Dental professionals have wanted to provide care for their patients, but at the same time, appreciate the possible risk of virus transmission to the dental team and the public. Hence, they are obliged to follow the restrictions posed by public health bodies. In the UK, dental professionals have also been concerned about the medico-legal consequences of withholding care that patients clearly require and, without which, may cause patients to come to clinical harm. There are several questions which have been raised. If the dentist works outside the health service guidance, is there a risk of negligence and legal action? If the guidance produced by a government authority is found to have been inappropriate, could there be a legal challenge against those authorities?

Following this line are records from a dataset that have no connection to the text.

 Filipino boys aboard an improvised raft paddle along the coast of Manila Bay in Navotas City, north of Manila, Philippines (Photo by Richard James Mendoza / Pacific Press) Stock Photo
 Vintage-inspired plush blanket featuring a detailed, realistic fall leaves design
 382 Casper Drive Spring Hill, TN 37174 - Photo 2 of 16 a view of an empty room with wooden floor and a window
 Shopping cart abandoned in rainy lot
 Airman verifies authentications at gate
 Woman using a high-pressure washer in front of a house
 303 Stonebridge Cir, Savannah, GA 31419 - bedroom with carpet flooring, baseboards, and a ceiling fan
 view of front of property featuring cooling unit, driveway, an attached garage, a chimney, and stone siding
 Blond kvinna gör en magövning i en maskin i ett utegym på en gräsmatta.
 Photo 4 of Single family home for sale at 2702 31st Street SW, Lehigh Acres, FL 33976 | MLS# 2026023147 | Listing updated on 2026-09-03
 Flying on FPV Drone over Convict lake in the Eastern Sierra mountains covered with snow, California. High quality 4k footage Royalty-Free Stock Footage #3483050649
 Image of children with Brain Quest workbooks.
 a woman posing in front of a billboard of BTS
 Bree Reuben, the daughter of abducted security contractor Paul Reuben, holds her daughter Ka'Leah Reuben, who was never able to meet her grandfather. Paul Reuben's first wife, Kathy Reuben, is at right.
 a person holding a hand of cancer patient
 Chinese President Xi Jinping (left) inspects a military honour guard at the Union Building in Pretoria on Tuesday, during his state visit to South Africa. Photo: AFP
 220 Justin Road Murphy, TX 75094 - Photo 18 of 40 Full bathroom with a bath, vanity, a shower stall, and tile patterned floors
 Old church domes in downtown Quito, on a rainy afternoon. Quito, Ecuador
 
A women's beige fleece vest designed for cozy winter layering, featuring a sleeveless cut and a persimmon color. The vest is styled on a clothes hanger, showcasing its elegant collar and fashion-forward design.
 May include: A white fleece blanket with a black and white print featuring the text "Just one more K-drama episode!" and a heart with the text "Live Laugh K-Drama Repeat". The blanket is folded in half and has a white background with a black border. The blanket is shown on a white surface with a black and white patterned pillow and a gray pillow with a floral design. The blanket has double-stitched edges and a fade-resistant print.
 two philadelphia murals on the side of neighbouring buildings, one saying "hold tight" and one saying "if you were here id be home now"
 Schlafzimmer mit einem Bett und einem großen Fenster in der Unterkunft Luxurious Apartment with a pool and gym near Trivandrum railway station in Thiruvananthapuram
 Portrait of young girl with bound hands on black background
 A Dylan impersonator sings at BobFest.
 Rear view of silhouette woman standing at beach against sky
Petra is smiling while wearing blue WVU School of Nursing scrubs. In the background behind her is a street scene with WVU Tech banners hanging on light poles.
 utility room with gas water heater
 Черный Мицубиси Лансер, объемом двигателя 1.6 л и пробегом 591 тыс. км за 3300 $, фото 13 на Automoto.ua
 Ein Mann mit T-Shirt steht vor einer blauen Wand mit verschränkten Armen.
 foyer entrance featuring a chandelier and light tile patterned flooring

A further concern of dental professionals has been the economic impact. The initial restrictions of routine care in the UK was accompanied by profound stress and anxiety about financial viability. This was lessened for some by the announcement of continuing NHS payments in return for delivery of urgent care or redeployment to support medical care.2 For those undertaking private clinical practice independent of the NHS, the anxiety continued.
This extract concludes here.